The Conrad Fort Lauderdale is a luxury condominium-hotel resort located on ocean-front property on North Fort Lauderdale Beach Boulevard in Fort Lauderdale, Florida. The resort includes 181 condo-hotel units, as well as 109 condominium units in a separate building known as The Ocean Resort Residences. The project initially began construction in July 2005, as Trump International Hotel & Tower Fort Lauderdale. Donald Trump lent his name to the project through a licensing deal before being elected the President of the United States, with New York developer Roy Stillman and Bayrock Group as the project developers. The project's opening was initially scheduled for 2007, but was delayed several times.

Trump removed his name from the unfinished project in 2009, after the developer defaulted on the licensing agreement. By that time, lawsuits alleging breach of contract and misleading advertising had been filed against the project by several condominium buyers. Foreclosure for the project was filed in March 2010, and the building was sold in a foreclosure auction in March 2012. After several ownership changes and a $70 million renovation, the project opened in October 2017.

==History==
===Early history and construction===
The property was initially occupied by the Merrimac and Gold Coast hotels, which were built on Fort Lauderdale Beach Boulevard in the 1950s. A condo hotel project was approved for the site in 2001. In December 2003, Donald Trump was interested in the proposed Gold Coast Merrimac Resort, which had been planned for the site of the two hotels. The 24-story resort had been approved for 240 hotel rooms and 80 timeshare units. By February 2005, Trump had become involved in the project, which was renamed as Trump International Hotel & Tower Fort Lauderdale, with New York developer Roy Stillman and Bayrock Group as partners. The project's developer was Stillman Bayrock Merrimac LLC. Stillman had been brought onto the project less than a year earlier, and arranged financing for it. Trump was also an equity investor in the project, and lent his name to it through a licensing agreement.
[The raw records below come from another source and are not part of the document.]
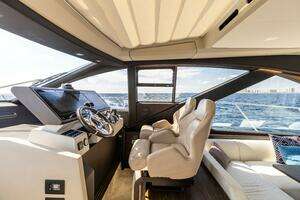 2021 Azimut S6 Sport Fly thumbnail 9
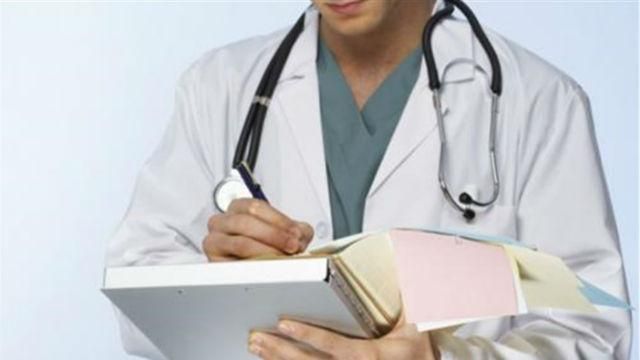 Білорусь заманює українських лікарів: обіцяють 350 доларів зарплати Білорусь заманює українських лікарів: обіцяють 350 доларів зарплати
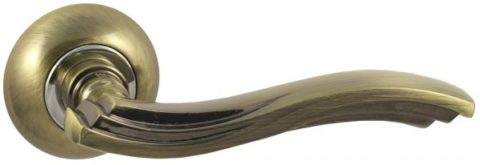 Дверная ручка Vantage V14 на круглой розетке AB бронза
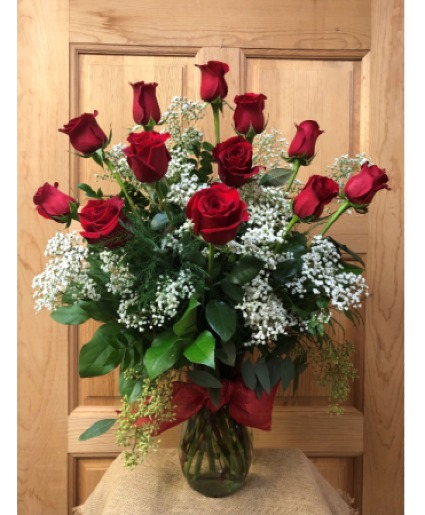 Classic Dozen Red Rose Arrangement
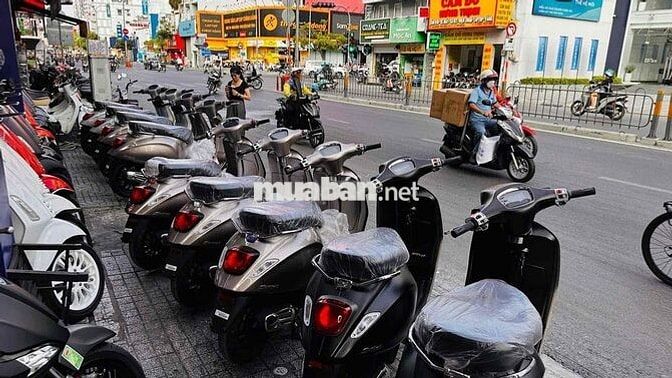 Vespa Đèn Vuông Led 2 tầng , iget , abs BSTP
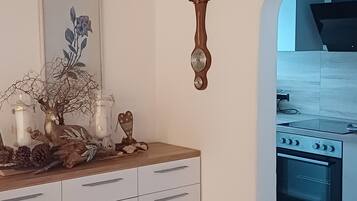 Kühlschrank, Herdplatte, Geschirrspüler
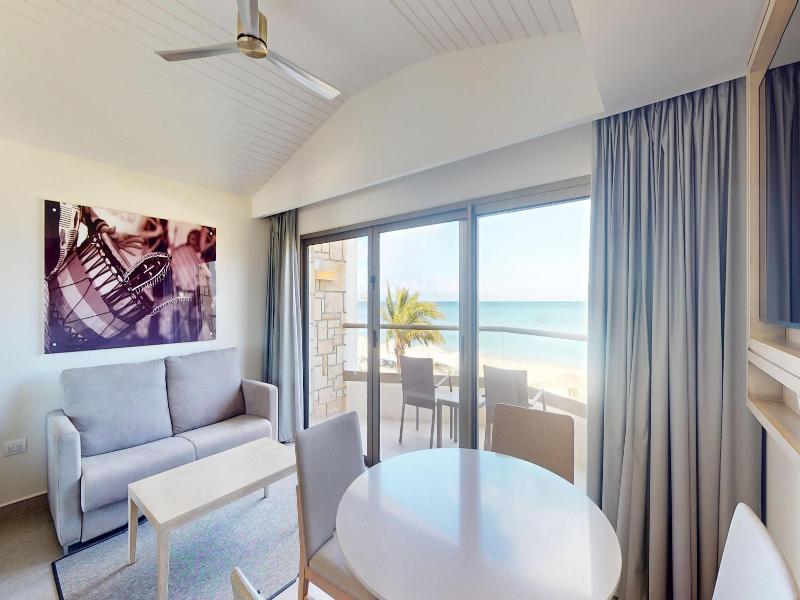 Royalton Chic Antigua An Autograph Collection A image
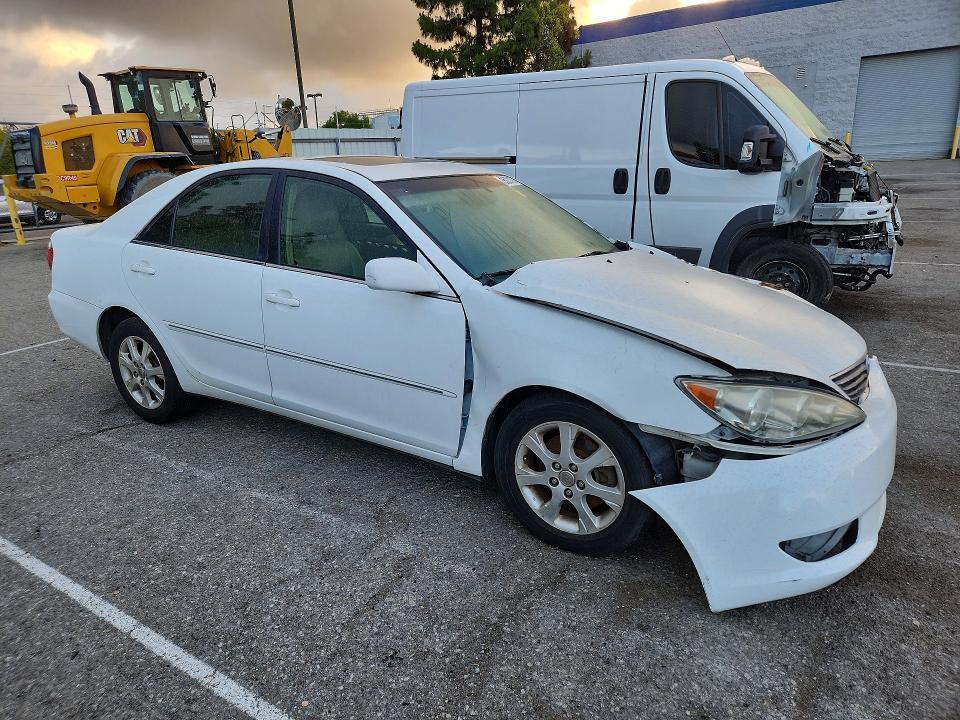 2005 TOYOTA CAMRY XLE V6 — Фото 4 из 12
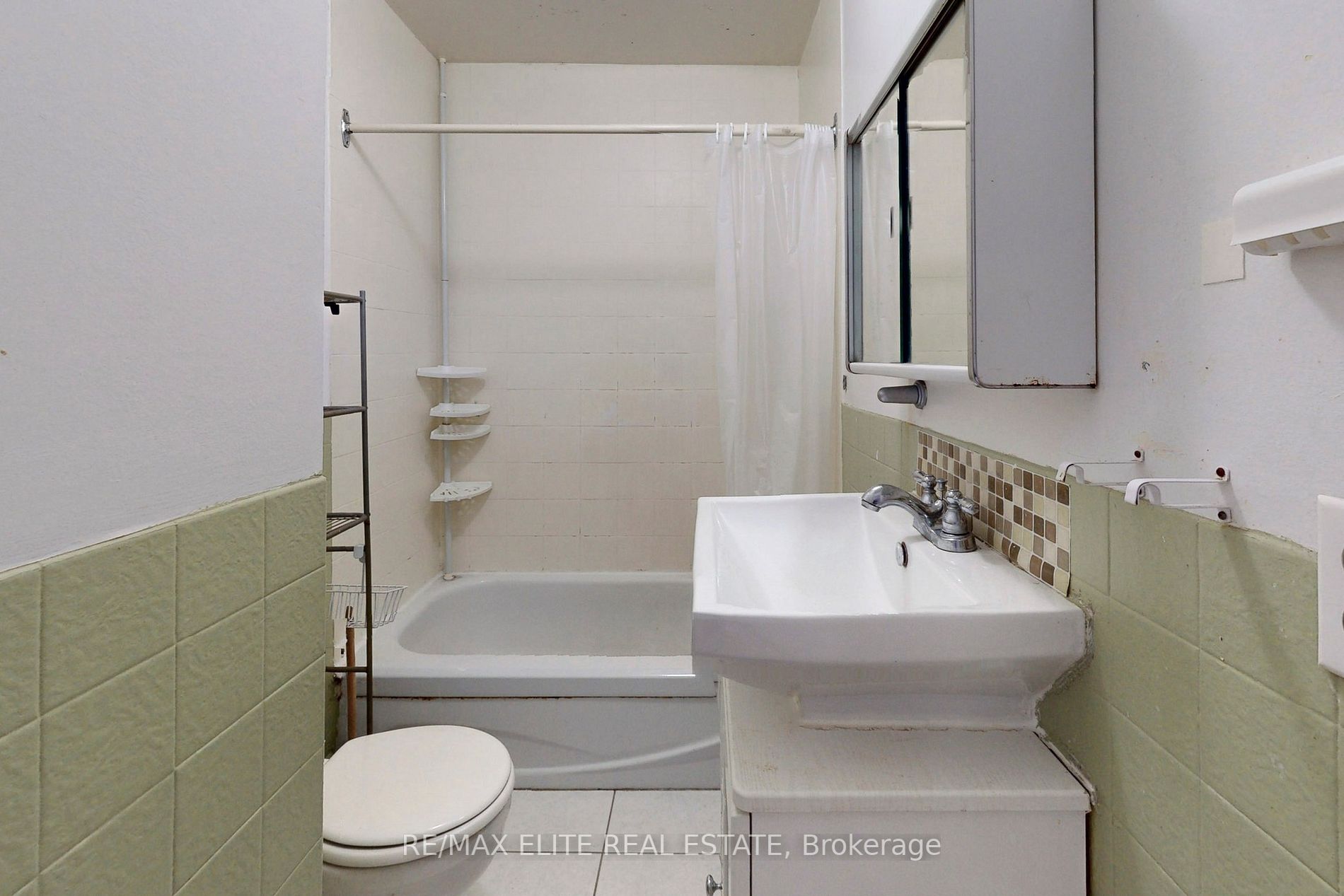 2582 Yonge St, #Apt A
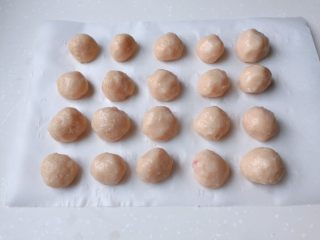 5、茄汁莲藕鸡肉丸子(亲子版)-辅食,沾湿双手,将莲肉鸡肉末做成小肉丸子备用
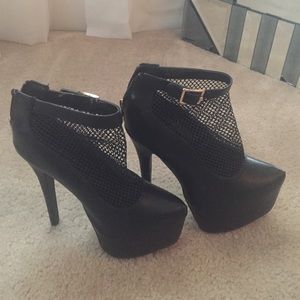 Blacks Fish Net Plat Form Heels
The project was designed by Michael Graves and Associates in collaboration with Oscar Garcia Architects. Graves redesigned the hotel to decrease its previous size. The redesign included 22 fewer units and 215 fewer parking spaces than when the project was initially approved in 2001. The 24-story tower was designed to resemble a luxury cruise liner from 1925. The project, to be built on a two-acre site at 551 North Fort Lauderdale Beach Boulevard, would include 298 units.

The project, considered essential in transforming the beach area into an upper-class tourist destination, was unanimously approved by the Fort Lauderdale commission on February 15, 2005. By that time, the Gold Coast/Merrimac hotel had been gutted to prepare for the new project. Construction was initially scheduled to begin in April 2005, with completion scheduled for 2007. Construction began in July 2005. The tower was expected to cost $200 million. Stiles Construction Company was the project's general contractor. A construction worker was killed on June 13, 2006, when steel scaffolding collapsed on him. By that time, the hotel had been scheduled to open in 2008. In December 2006, Corus Bankshares provided a $139 million construction loan to the project. Another construction accident occurred in January 2007, when a flagman for the site had his legs run over by a cement truck.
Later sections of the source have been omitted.